### SUPPLIED MATERIAL
──────

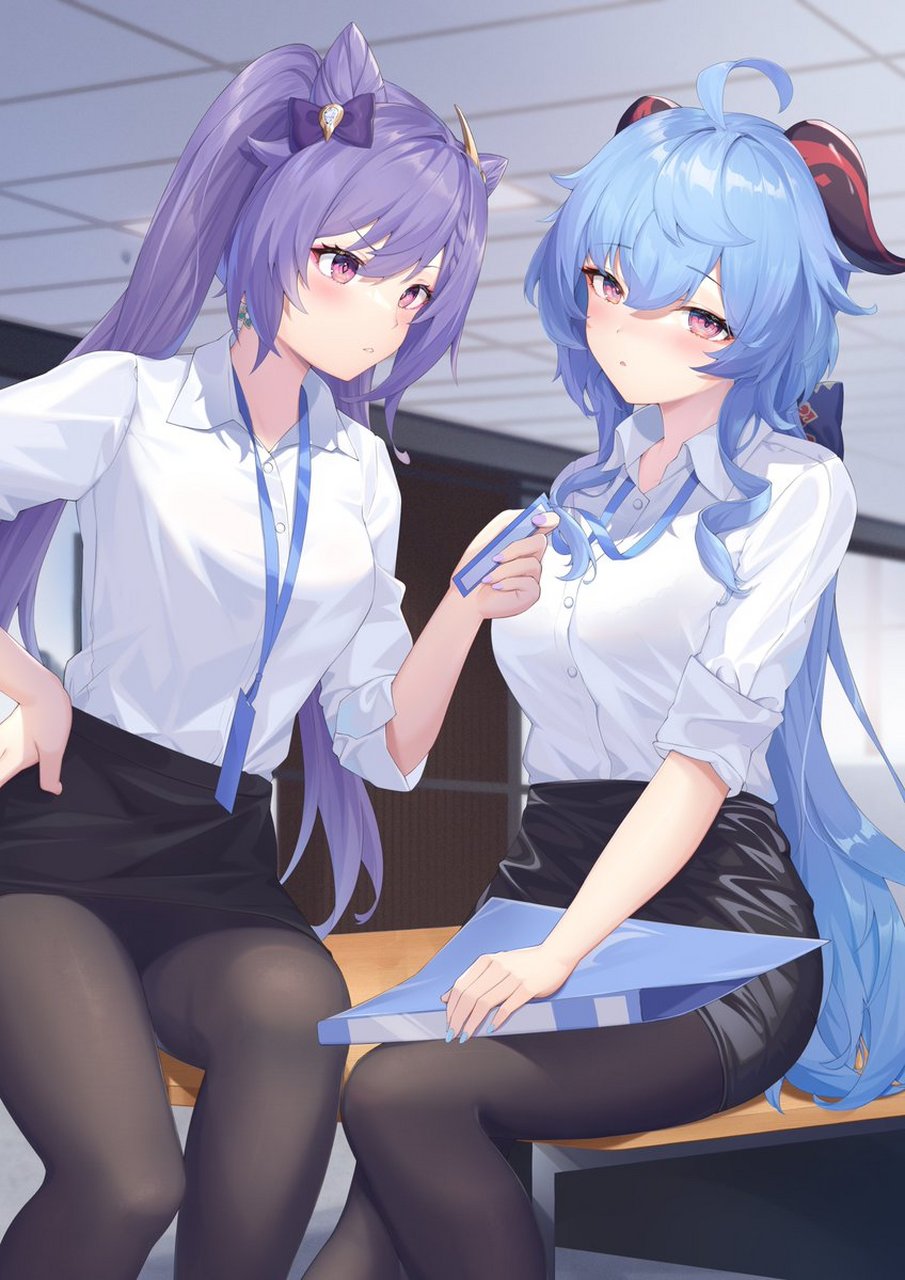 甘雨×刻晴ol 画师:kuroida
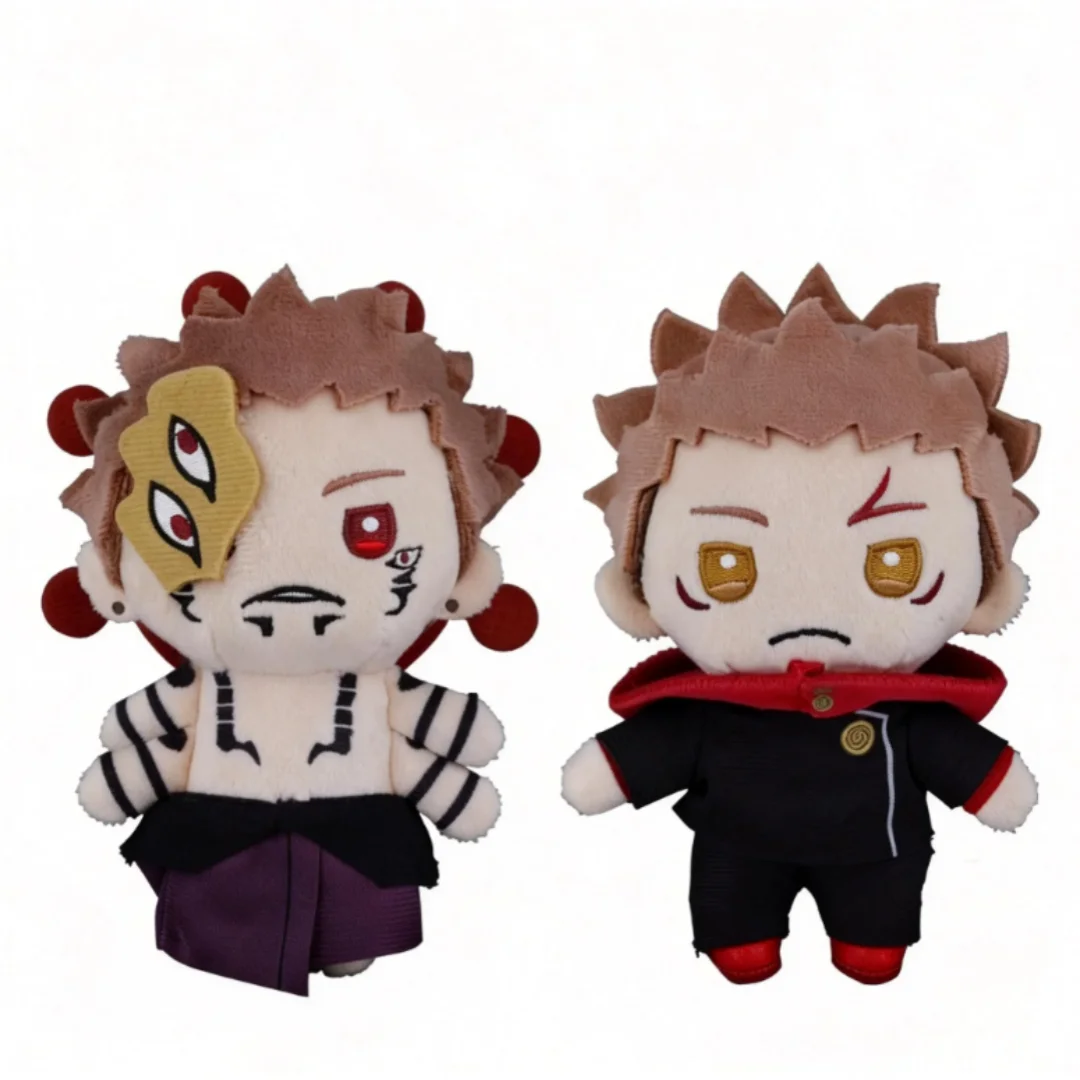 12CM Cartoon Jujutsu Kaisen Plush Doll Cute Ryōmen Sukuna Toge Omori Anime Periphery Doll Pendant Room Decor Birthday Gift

──────

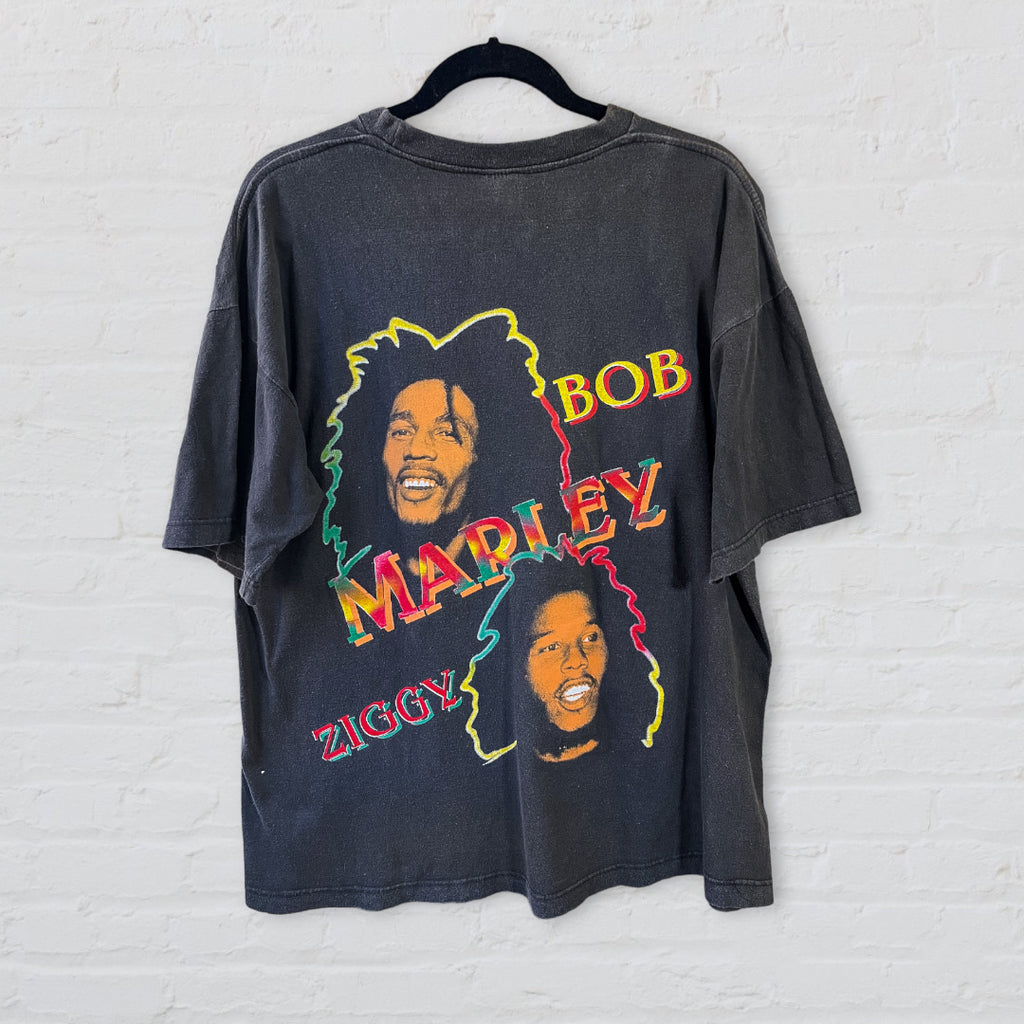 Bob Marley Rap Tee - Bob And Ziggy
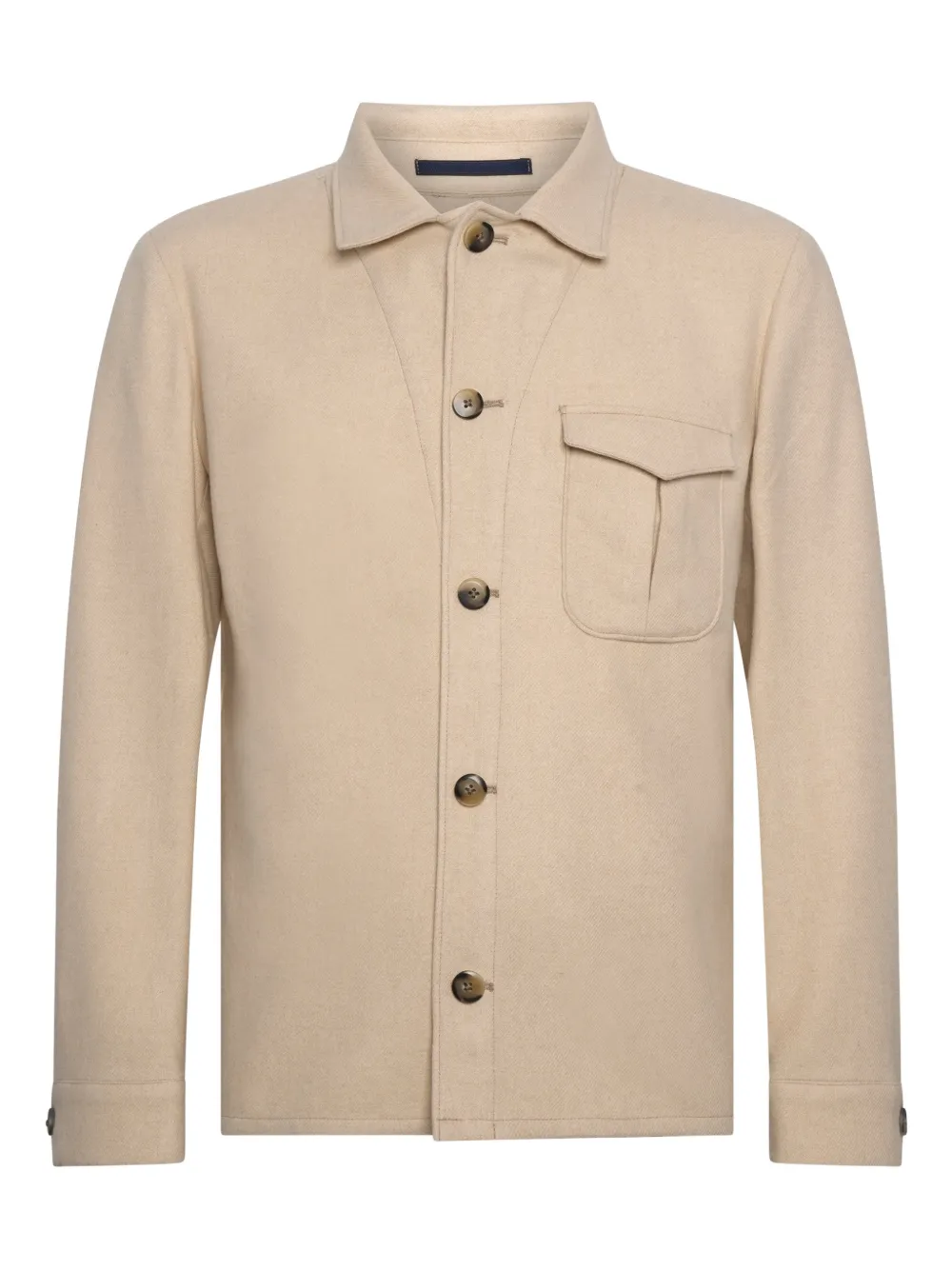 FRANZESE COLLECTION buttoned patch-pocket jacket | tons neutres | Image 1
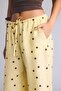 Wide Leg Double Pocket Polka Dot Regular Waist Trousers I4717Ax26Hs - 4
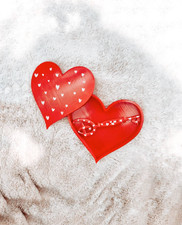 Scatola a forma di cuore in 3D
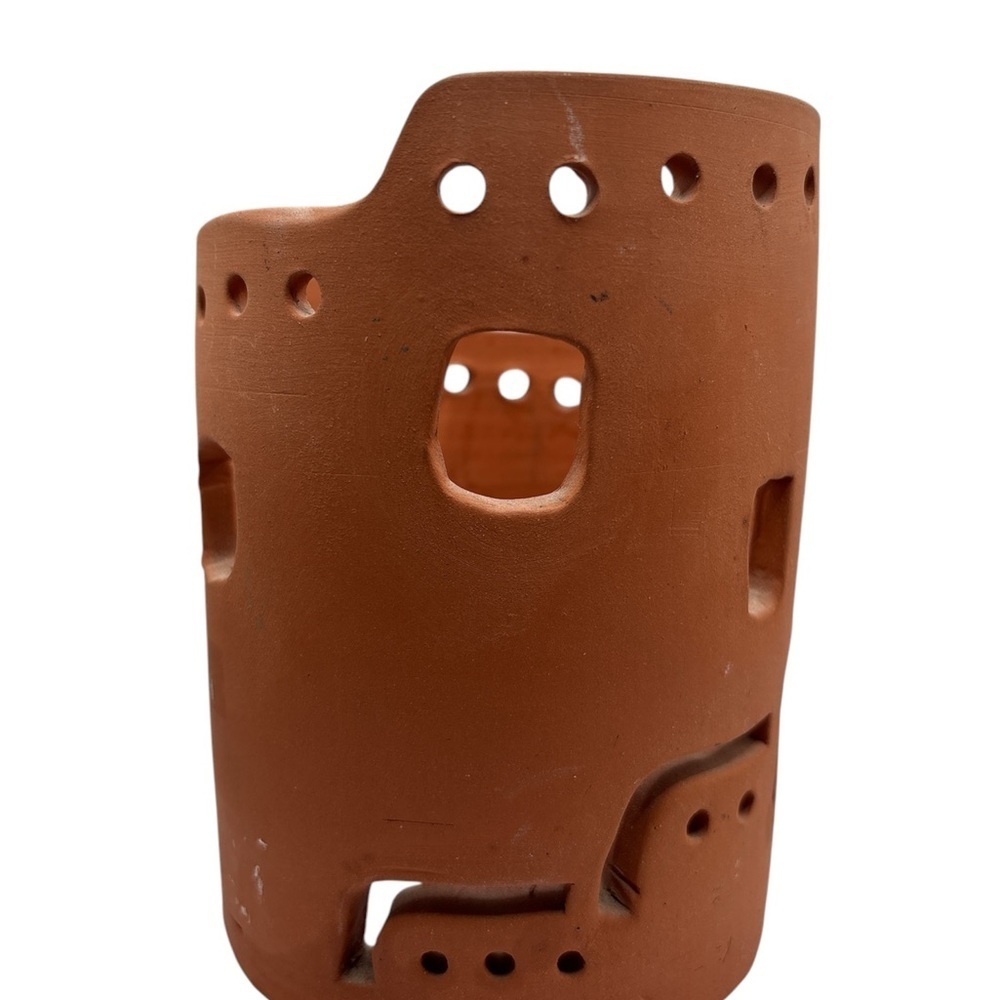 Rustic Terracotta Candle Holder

──────

### WORK ITEM
Look above for the line with "FRANZESE COLLECTION buttoned", then print it and each line after it down to and including the line with "Rustic Terracotta Candle Holder". Leave out the pictures and keep the wording exact.

### RESULT
 FRANZESE COLLECTION buttoned patch-pocket jacket | tons neutres | Image 1
 Wide Leg Double Pocket Polka Dot Regular Waist Trousers I4717Ax26Hs - 4
 Scatola a forma di cuore in 3D
 Rustic Terracotta Candle Holder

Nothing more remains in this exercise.